◆ Brief
Your task is to reproduce exactly the lines from the one containing "Prodej chaty/chalupy 141" through the last line below, both ends included, and nothing else, with no pictures.

[Collected data entries]
━━━━━━━━
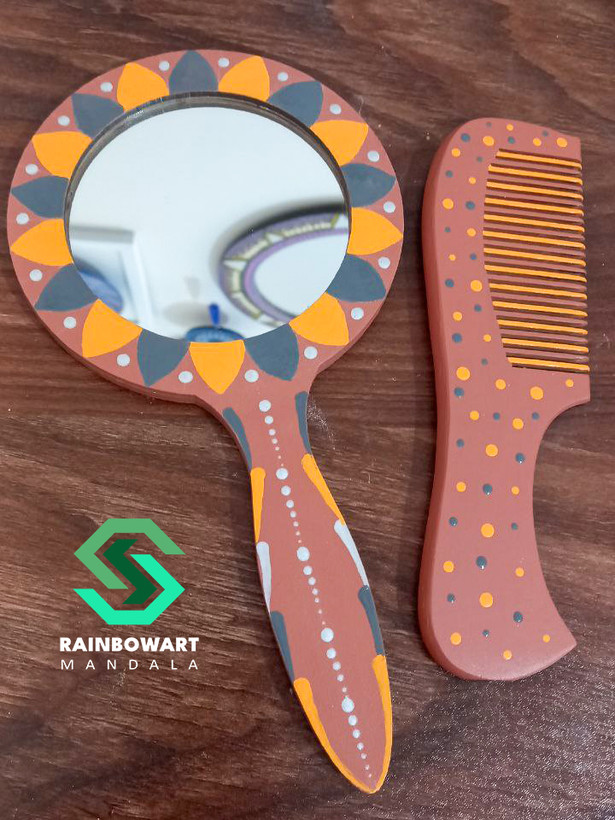 ست شانه و آینه دستی چوبی قهوه ای با نقوش ماندالا و دات ماندالا ساخت شده توسط سهیلا میرزایی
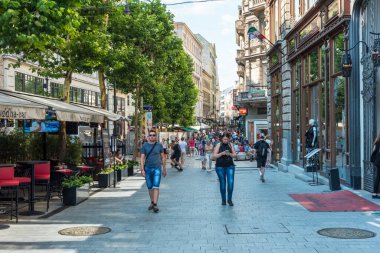 BUDAPEST, HUNGARY - 21 Temmuz 2017: Macaristan 'ın Budapeşte kentindeki ana alışveriş caddesi olan Vaci Caddesi' nde (Vaci Utca) turistler ve ziyaretçiler.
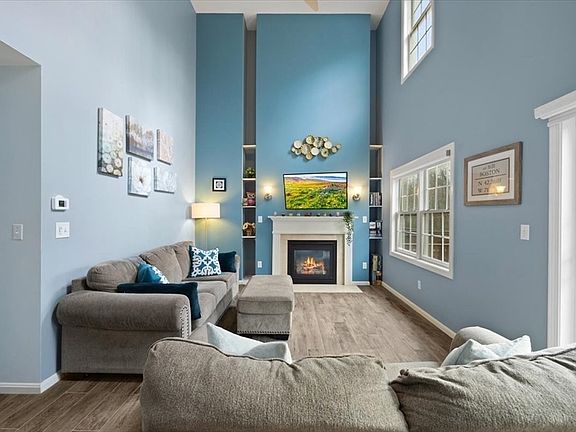 5th image of 1913 Thayer St Unit 1913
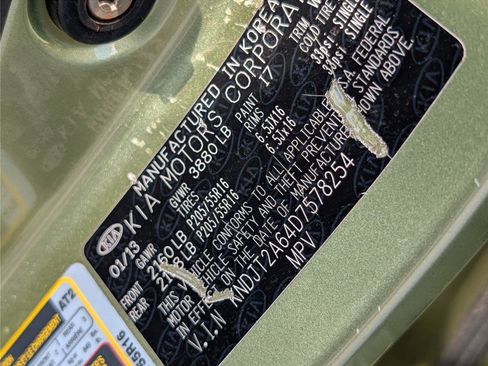 Used 2013 Kia Soul + FWD image 34
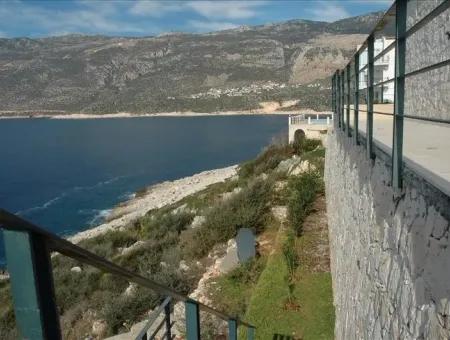 Kaş Denize Sıfır Satılık Villa Meyis Adasına Ve Deniz Manzaralı Satılık Villa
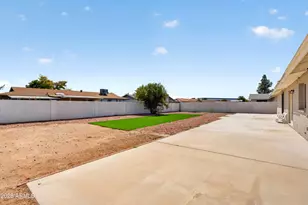 2225 W Topeka Dr, Phoenix, AZ 85027 - Photo 38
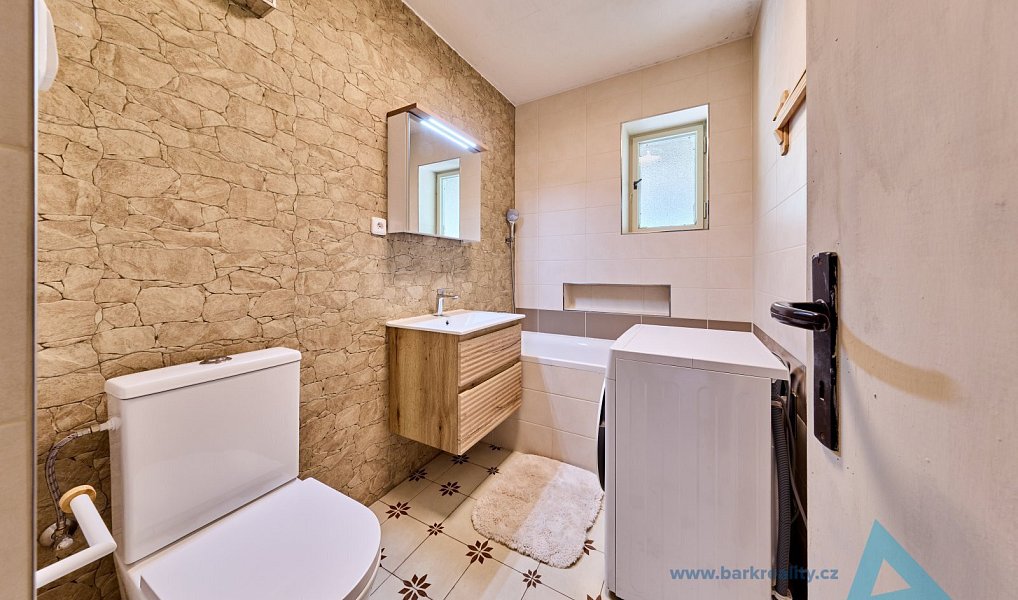 Prodej chaty/chalupy 141 m² s pozemkem 2 728 m², Nová Paka – náhled fotky 8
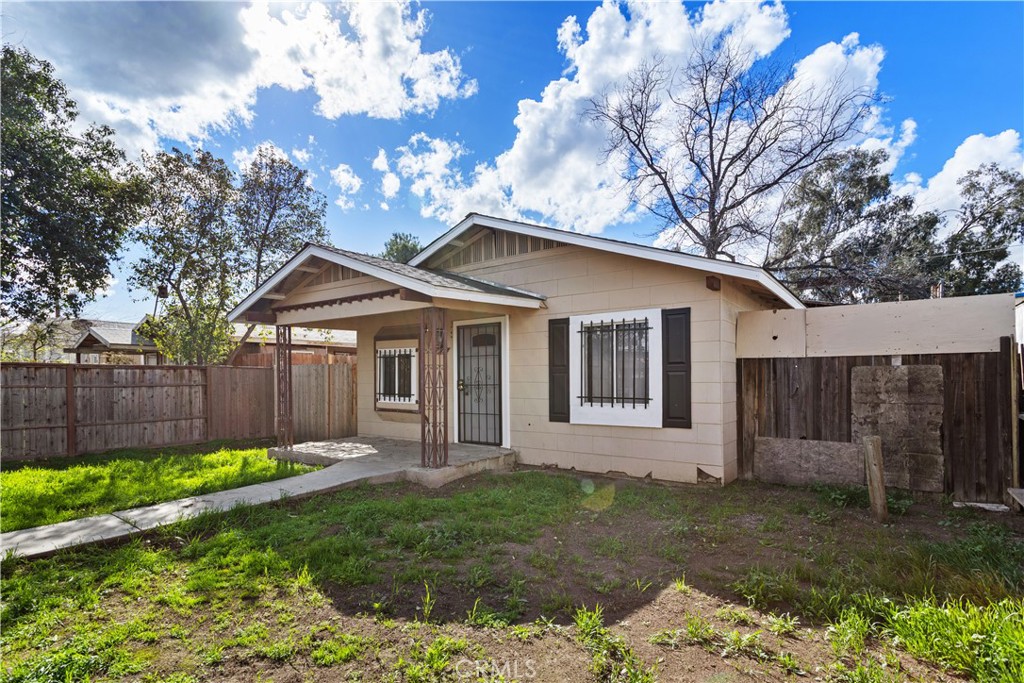 2521 P Bakersfield, CA 93301 - Photo 2 of 21 a front view of a house with a yard and garage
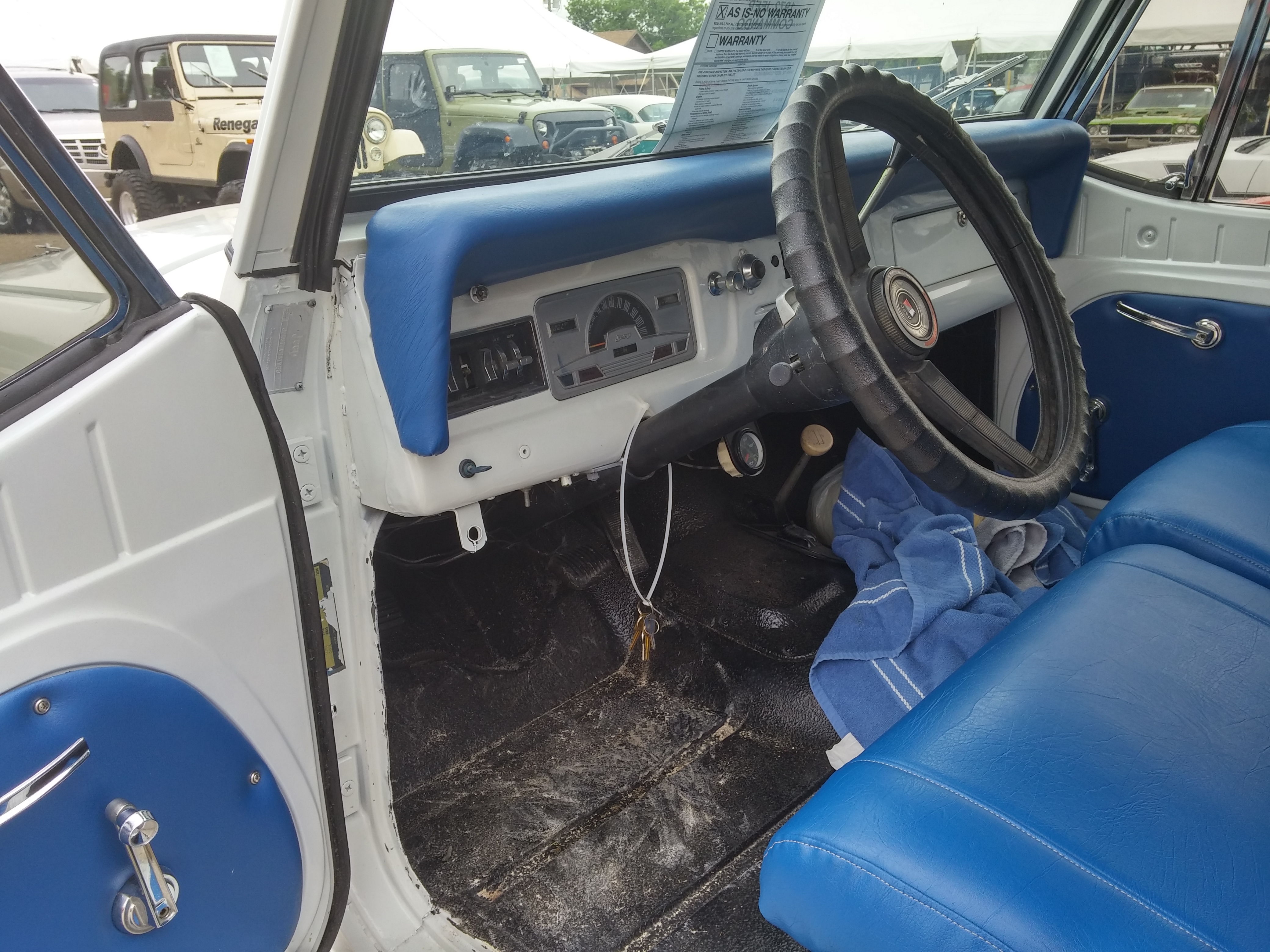 2nd Image of a 1972 JEEP COMMANDO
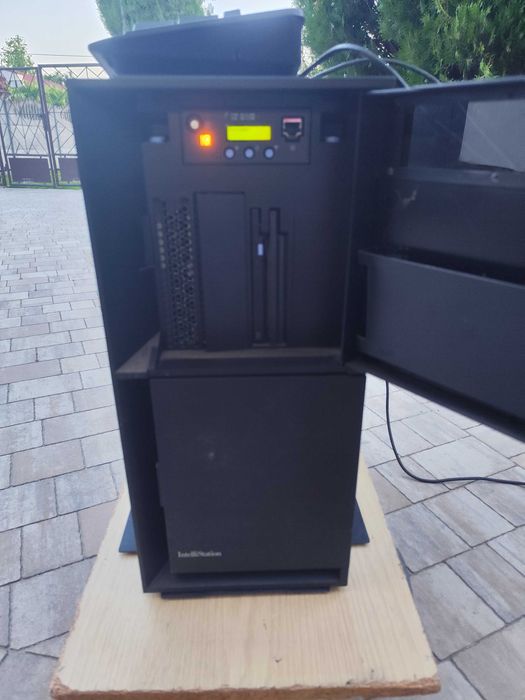 Stacja robocza IBM IntelliStation POWER 285 Type 9111-285 PowerPC AIX retro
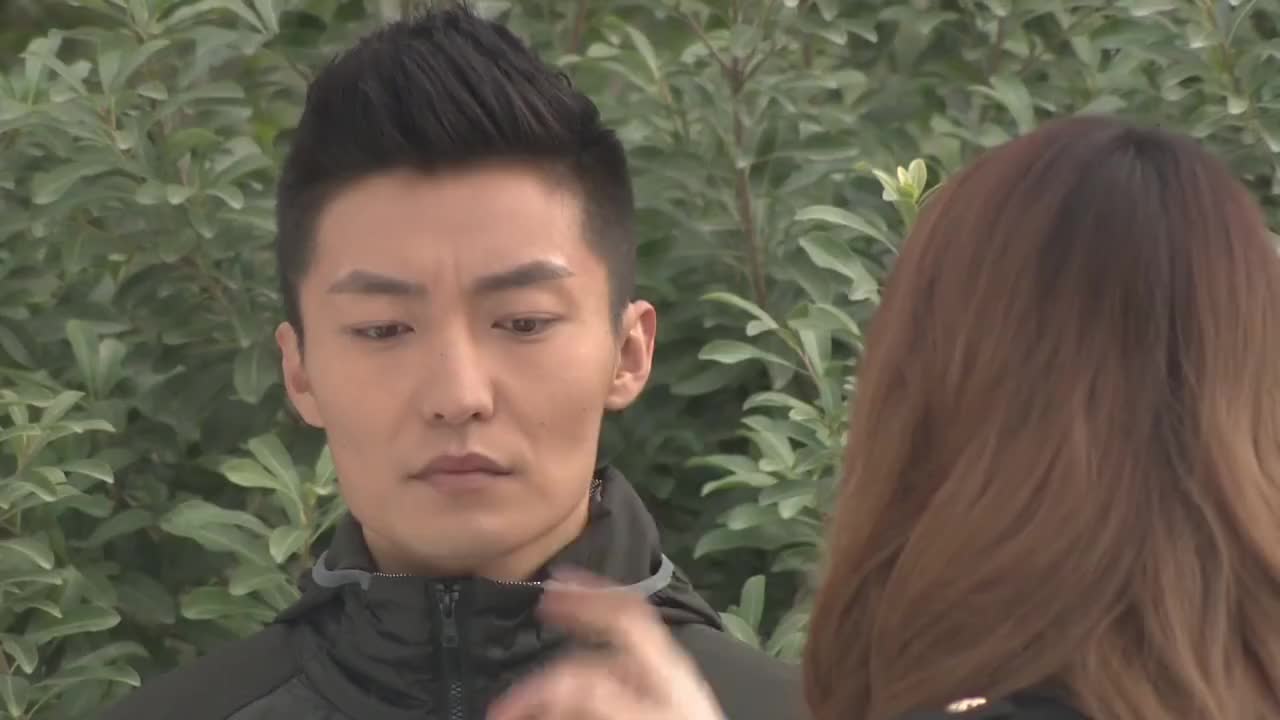 铠甲勇士捕将尼克动手制造人傀要其帮助志凯送机人去轮回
━━━━━━━━
◆ Answer
 Prodej chaty/chalupy 141 m² s pozemkem 2 728 m², Nová Paka – náhled fotky 8
 2521 P Bakersfield, CA 93301 - Photo 2 of 21 a front view of a house with a yard and garage
 2nd Image of a 1972 JEEP COMMANDO
 Stacja robocza IBM IntelliStation POWER 285 Type 9111-285 PowerPC AIX retro
 铠甲勇士捕将尼克动手制造人傀要其帮助志凯送机人去轮回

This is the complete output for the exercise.